::: RECORD EXTRACTS :::
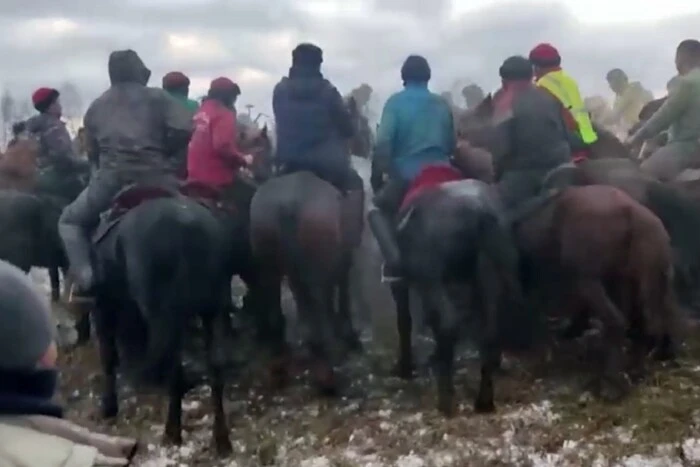 Біля Москви пройшов незаконний турнір з хокею на конях із обезголовленою тушею цапа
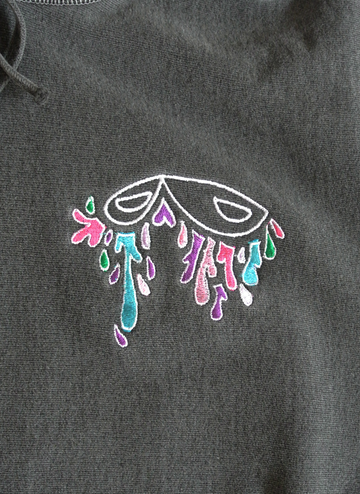 100% cotton, charcoal coloured hoodie with emobroidery detail of qumooth eyes with colourful tears by Kukijijo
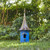 Outdoor Teal Blue Metal Birdhouse with Vintage Bronze Phonograph Style Roof Q280-KPTBDGH685921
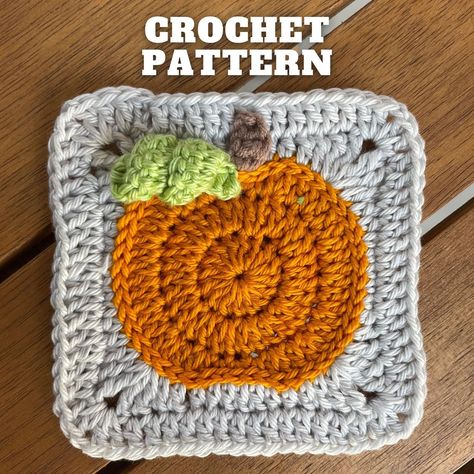 Crochet Granny Square - Crochet Motif - Crochet Patterns - Crochet Projects - Crochet Craft Best Granny Square Patterns, Crochet Pumpkin Bowl Free Pattern, Pumpkin Granny Square Crochet, Crochet Stitches Granny Squares, Projects Using Granny Squares, Ying Yang Granny Square, Granny Squares Unique, Dark Granny Square, Pumpkin Granny Square Pattern Free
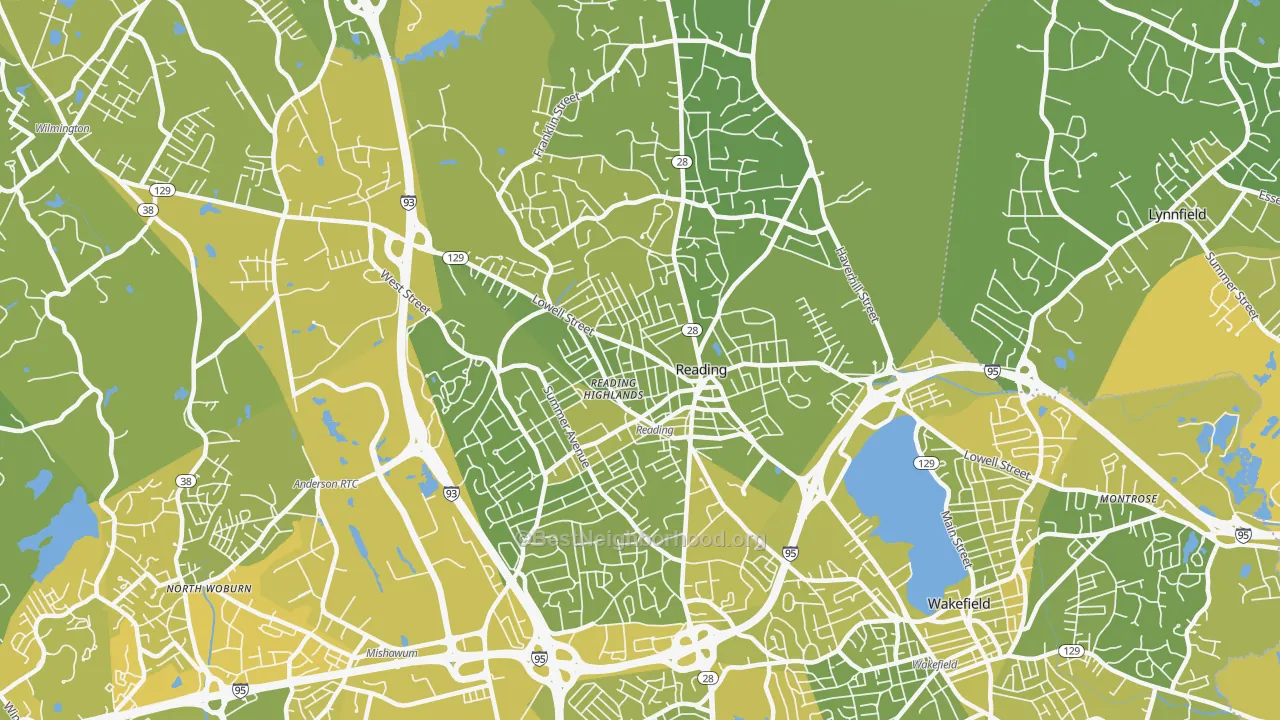 Map of the best neighborhoods in the Reading area, with better matches in green and worse matches in red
:::
[WHAT TO DO] Although the records above contain pictures, the copy must not; set down exactly the lines from the one with "100% cotton, charcoal" up to and including the one with "Outdoor Teal Blue".

[SOLUTION FOR THIS PROBLEM]
 100% cotton, charcoal coloured hoodie with emobroidery detail of qumooth eyes with colourful tears by Kukijijo
 Outdoor Teal Blue Metal Birdhouse with Vintage Bronze Phonograph Style Roof Q280-KPTBDGH685921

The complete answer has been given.